GAS FROM IRAQI KURDISTAN FOR NABUCCO: TURKISH INTEREST

   

Sergei Sargsyan

In September 2009 Turkey’s Minister of Energy Taner Yildiz stated that Turkey and Iraq discussed possibilities of concluding memorandum on mutual understanding in the issue of the Iraqi gas supply to Europe through the territory of Turkey by the planned Nabucco gas pipeline1.

This sounded a bit unexpected, taking into consideration that “gas from Iraq” implies its production on the territory of Kurdistan Region which will promote development of its economic independence and self-sufficiency and, consequently, work for strengthening of that region as an independent formation and Ankara’s negative attitude to such developments is conditioned not only by historical but also by geo-political grounds.
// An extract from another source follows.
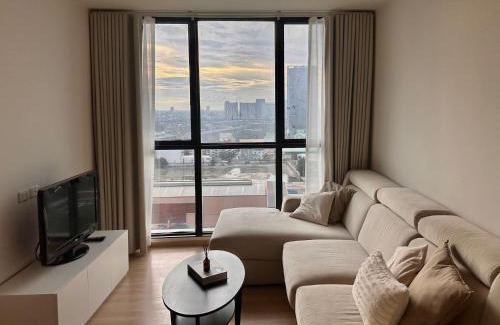 Khlong Kluea Apartment | Entire apartment near train station with pool & views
That is why it would be logical to assume that the interest of Turkey in the export of the Iraqi gas through its territory is conditioned not only by economic but also by political reasons. So what are the real interests of Turkey and how feasible are those mutual plans of Ankara and Baghdad on turning Iraqi Kurdistan into one of the main alternative gas suppliers to the EU?

The explored reserves of gas on the territory of Iraq are about 3.17 trillion m3, and about 90% of them – approximately 2.8 trillion m3 are in Kurdistan Region. But at present the natural gas is not produced in Iraq due to the absence of the appropriate capacities and infrastructure. Though the Iraqi government has eagerly proceeded to concluding direct contracts and arranging international tenders on foreign capital formation and involvement of foreign companies in order to create from zero the gas producing and gas transition systems.

Thus, in May 2009 Austrian “OMV” Energy Company and Hungarian “MOL” each acquired 10% of shares of «Pearl Petroleum Company», which produces Kor Mor and Chemchemal gas fields on the territory of Iraqi Kurdistan and the expected capacity of which will be about 85 million m3 of gas per 24 hours by 2015. This implies beginning of export of the gas to the world markets. This capacity should be at least enough to start Nabucco pipeline.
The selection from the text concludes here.